*** Given records ***

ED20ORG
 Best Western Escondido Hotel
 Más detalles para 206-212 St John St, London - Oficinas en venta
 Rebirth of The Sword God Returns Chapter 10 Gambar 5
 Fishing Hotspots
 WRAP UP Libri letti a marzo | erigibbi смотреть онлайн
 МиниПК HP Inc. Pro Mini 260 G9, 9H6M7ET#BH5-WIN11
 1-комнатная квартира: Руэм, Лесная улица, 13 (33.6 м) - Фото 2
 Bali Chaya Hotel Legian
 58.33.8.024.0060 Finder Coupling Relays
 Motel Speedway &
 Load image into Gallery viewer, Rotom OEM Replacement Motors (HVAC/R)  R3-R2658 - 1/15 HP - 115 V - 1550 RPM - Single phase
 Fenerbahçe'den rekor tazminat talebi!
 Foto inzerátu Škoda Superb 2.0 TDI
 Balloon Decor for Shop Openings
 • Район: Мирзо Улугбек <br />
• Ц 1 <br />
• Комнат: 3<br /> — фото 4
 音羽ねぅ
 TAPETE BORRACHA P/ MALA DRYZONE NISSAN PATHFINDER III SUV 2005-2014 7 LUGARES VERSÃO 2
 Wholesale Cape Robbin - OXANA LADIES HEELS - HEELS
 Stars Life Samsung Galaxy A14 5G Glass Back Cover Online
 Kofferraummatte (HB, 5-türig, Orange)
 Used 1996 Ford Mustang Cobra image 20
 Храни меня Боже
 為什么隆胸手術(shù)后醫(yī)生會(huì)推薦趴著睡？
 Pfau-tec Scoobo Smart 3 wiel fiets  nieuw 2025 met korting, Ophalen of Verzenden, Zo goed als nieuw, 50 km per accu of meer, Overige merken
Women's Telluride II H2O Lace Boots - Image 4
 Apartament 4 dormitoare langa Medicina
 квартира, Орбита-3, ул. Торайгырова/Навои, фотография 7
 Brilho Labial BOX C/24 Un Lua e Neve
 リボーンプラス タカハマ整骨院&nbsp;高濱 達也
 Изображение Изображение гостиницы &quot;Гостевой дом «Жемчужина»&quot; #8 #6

*** End of Given records ***

What the task asks -
Transcribe every record exactly, keeping each line as it is.

Completed exercise -
ED20ORG
 Best Western Escondido Hotel
 Más detalles para 206-212 St John St, London - Oficinas en venta
 Rebirth of The Sword God Returns Chapter 10 Gambar 5
 Fishing Hotspots
 WRAP UP Libri letti a marzo | erigibbi смотреть онлайн
 МиниПК HP Inc. Pro Mini 260 G9, 9H6M7ET#BH5-WIN11
 1-комнатная квартира: Руэм, Лесная улица, 13 (33.6 м) - Фото 2
 Bali Chaya Hotel Legian
 58.33.8.024.0060 Finder Coupling Relays
 Motel Speedway &
 Load image into Gallery viewer, Rotom OEM Replacement Motors (HVAC/R)  R3-R2658 - 1/15 HP - 115 V - 1550 RPM - Single phase
 Fenerbahçe'den rekor tazminat talebi!
 Foto inzerátu Škoda Superb 2.0 TDI
 Balloon Decor for Shop Openings
 • Район: Мирзо Улугбек <br />
• Ц 1 <br />
• Комнат: 3<br /> — фото 4
 音羽ねぅ
 TAPETE BORRACHA P/ MALA DRYZONE NISSAN PATHFINDER III SUV 2005-2014 7 LUGARES VERSÃO 2
 Wholesale Cape Robbin - OXANA LADIES HEELS - HEELS
 Stars Life Samsung Galaxy A14 5G Glass Back Cover Online
 Kofferraummatte (HB, 5-türig, Orange)
 Used 1996 Ford Mustang Cobra image 20
 Храни меня Боже
 為什么隆胸手術(shù)后醫(yī)生會(huì)推薦趴著睡？
 Pfau-tec Scoobo Smart 3 wiel fiets  nieuw 2025 met korting, Ophalen of Verzenden, Zo goed als nieuw, 50 km per accu of meer, Overige merken
Women's Telluride II H2O Lace Boots - Image 4
 Apartament 4 dormitoare langa Medicina
 квартира, Орбита-3, ул. Торайгырова/Навои, фотография 7
 Brilho Labial BOX C/24 Un Lua e Neve
 リボーンプラス タカハマ整骨院&nbsp;高濱 達也
 Изображение Изображение гостиницы &quot;Гостевой дом «Жемчужина»&quot; #8 #6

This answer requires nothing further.